Rusya, ABD ile birlikte dünyanın en fazla nükleer silahına sahip ülke. Ukrayna’yı işgal etmesi NATO, ABD ve diğer G7 ülkelerinin milyarca dolar değerinde askeri ekipmanı Ukrayna’ya göndermesiyle sonuçlanırken, İngiltere ve Almanya tartışmalı Leopard 2 tanklarını da savaş bölgesine göndermeyi taahhüt etti.
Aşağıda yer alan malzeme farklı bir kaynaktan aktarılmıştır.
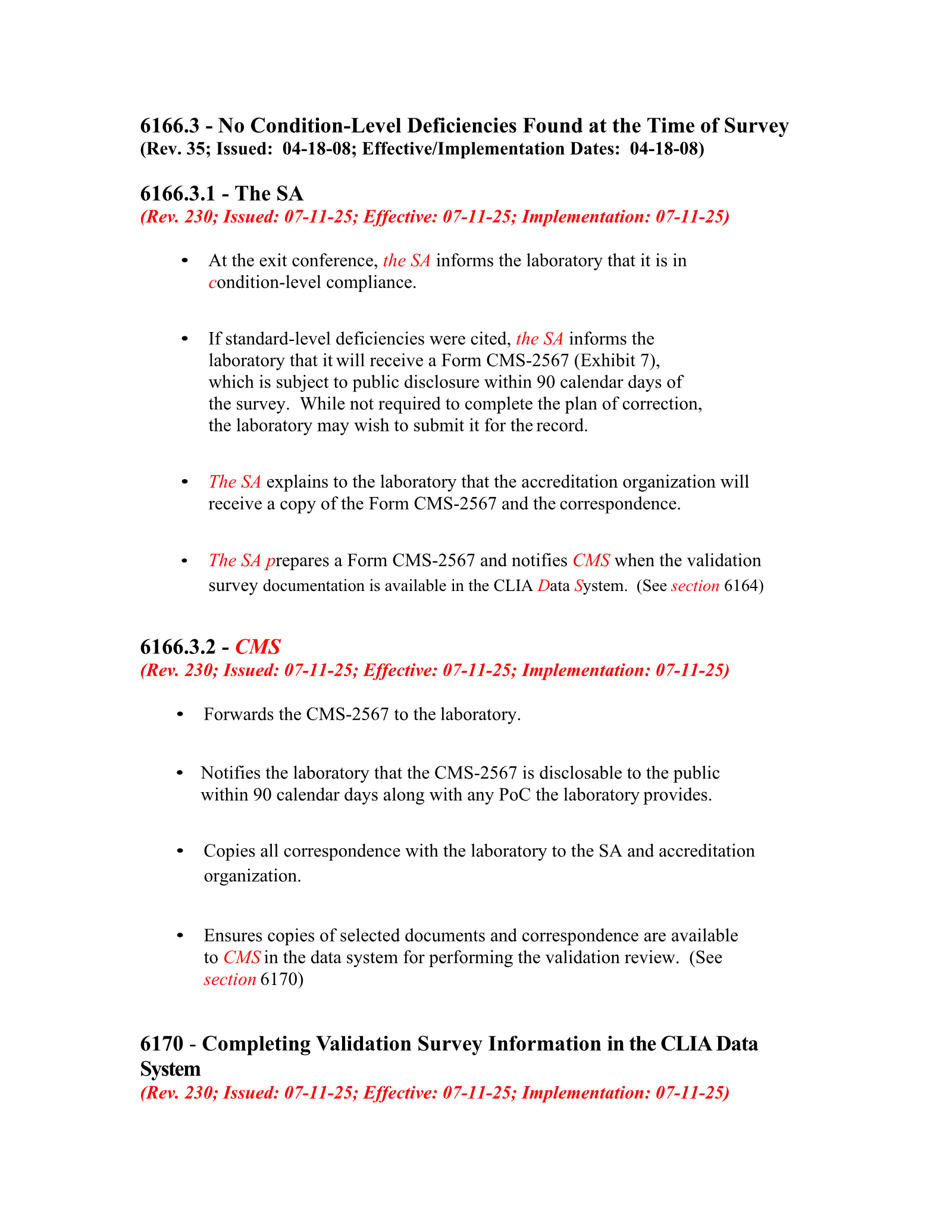 Complete printed PDF page 124
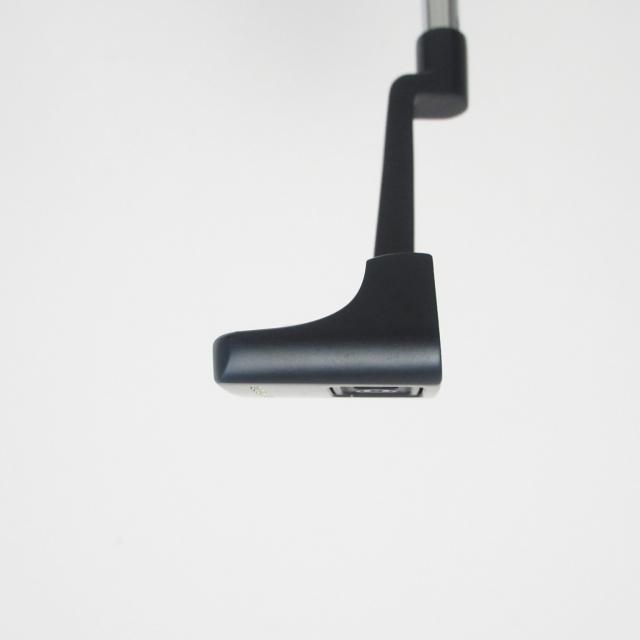 【中古ゴルフクラブ】オデッセイ　AI-ONE MILLED　Ai-ONE MILLED TRI-BEAM DOUBLE WIDE T CH パター スチールシャフト　シャフト：スチ…_3
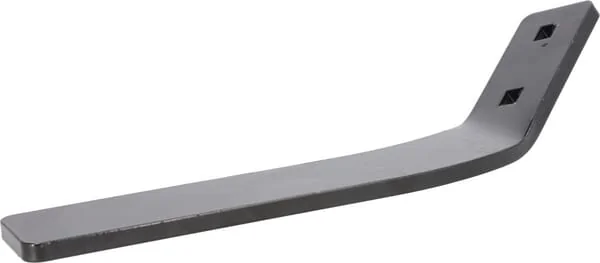KUBOTA - A135495697 - Rechte Schar-Ausgleichszinke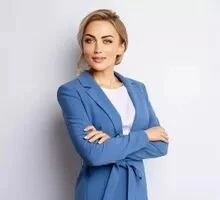 Inna Profile image 3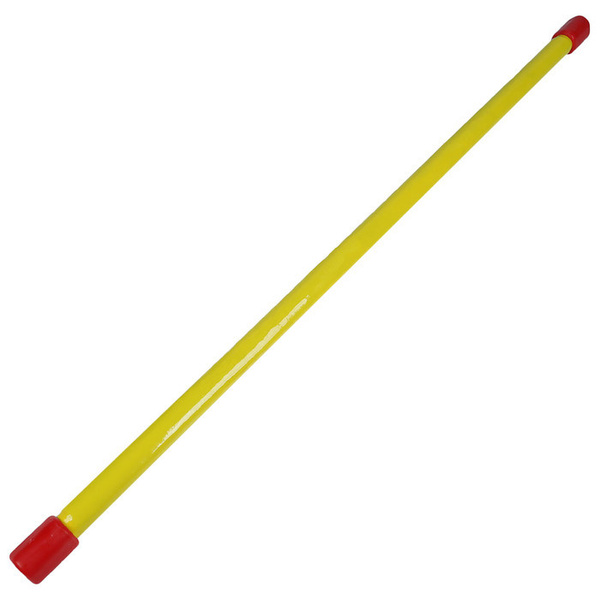 Бодибар NoName, 2 кг, 120 см купить по низкой цене в интернет-магазине ...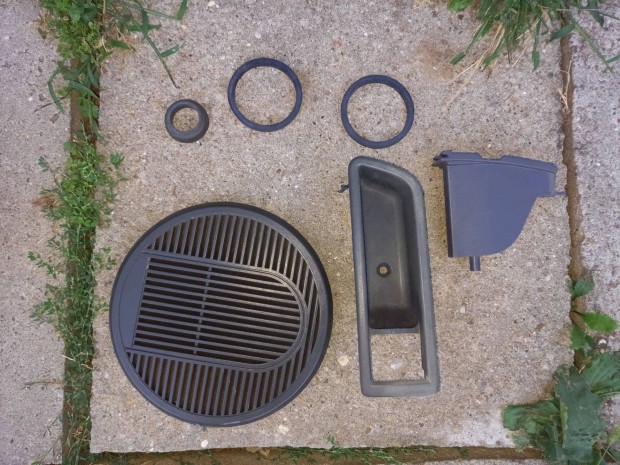 Alkatr�sz Renaulthoz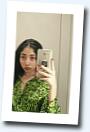 Ayushi's profile picture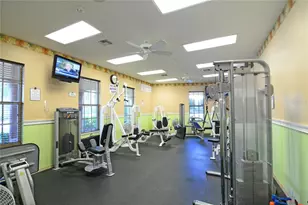 348 Snapdragon Loop, Bradenton, FL 34212 - Photo 35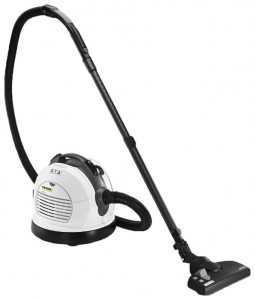 Vacuum Cleaner Karcher VC 6150 Photo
Rusya nükleer silahlar için ‘ilk biz kullanmayacağız’ vurgusu yapıyor ancak bu silahların kullanımı sınırlandıran Yeni Stratejik Silahların Azaltılması Antlaşması’na (START) katılımın askıya alınması tüm dünyada endişeyle takip ediliyor. Rusya, ABD ve Rusya arasındaki anlaşmaya nükleer güce sahip NATO üyeleri İngiltere ve Fransa’nın da dahil edilmesini istiyor. Rusya Güvenlik Konseyi Başkan Yardımcısı Dmitriy Medvedev ise önceki gün yaptığı açıklamada ABD’nin Rusya’nın yenilgisini istemesi halinde, dünyanın küresel bir çatışmanın eşiğinde olacağını belirterek bu durumda Rusya’nın her türlü silahla kendisini savunma hakkı olduğunu belirtti.